### Exercise prompt
When you copy the material below, keep every line exact and leave each picture out.

### Given data
----
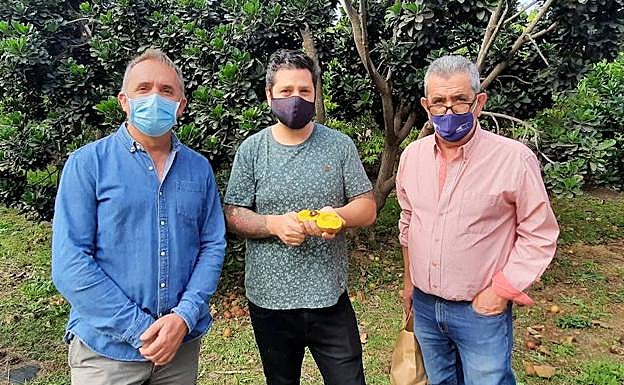 Iñaki Hormaza y Antonio Cordón con Diego Gallegos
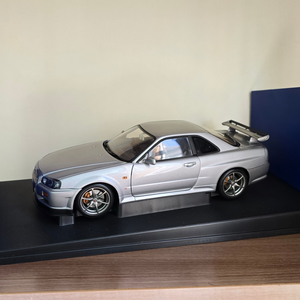 1:18 오토아트 초기형 GTR R34 팝니다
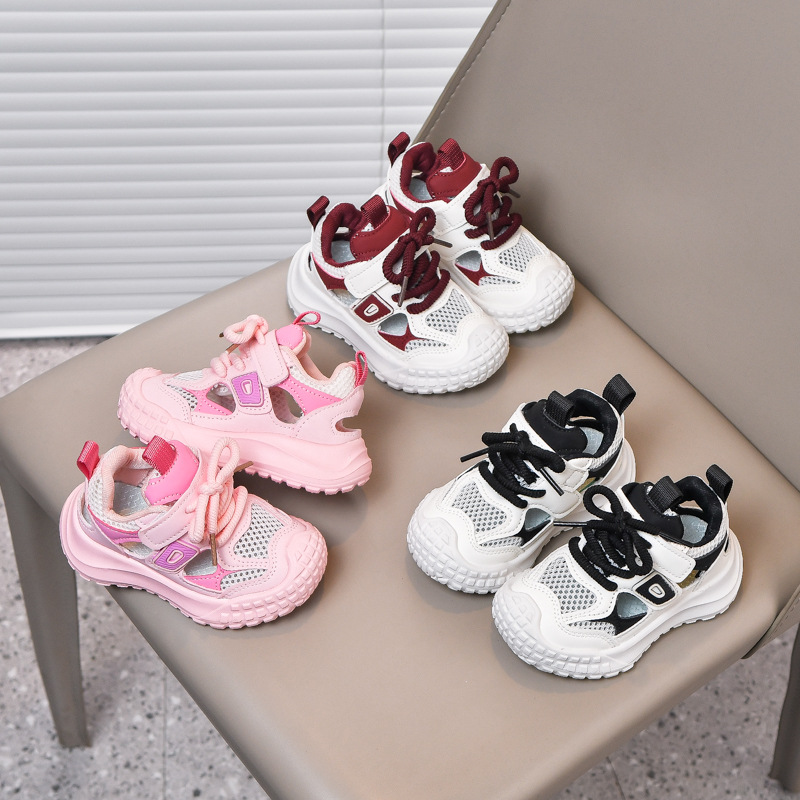 Zapatos de malla transpirables de una sola red 2025 verano nuevos zapatos casuales para niños, niños y niñas, sandalias deportivas Baotou al por mayor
----
### Result of this exercise
 Iñaki Hormaza y Antonio Cordón con Diego Gallegos
 1:18 오토아트 초기형 GTR R34 팝니다
 Zapatos de malla transpirables de una sola red 2025 verano nuevos zapatos casuales para niños, niños y niñas, sandalias deportivas Baotou al por mayor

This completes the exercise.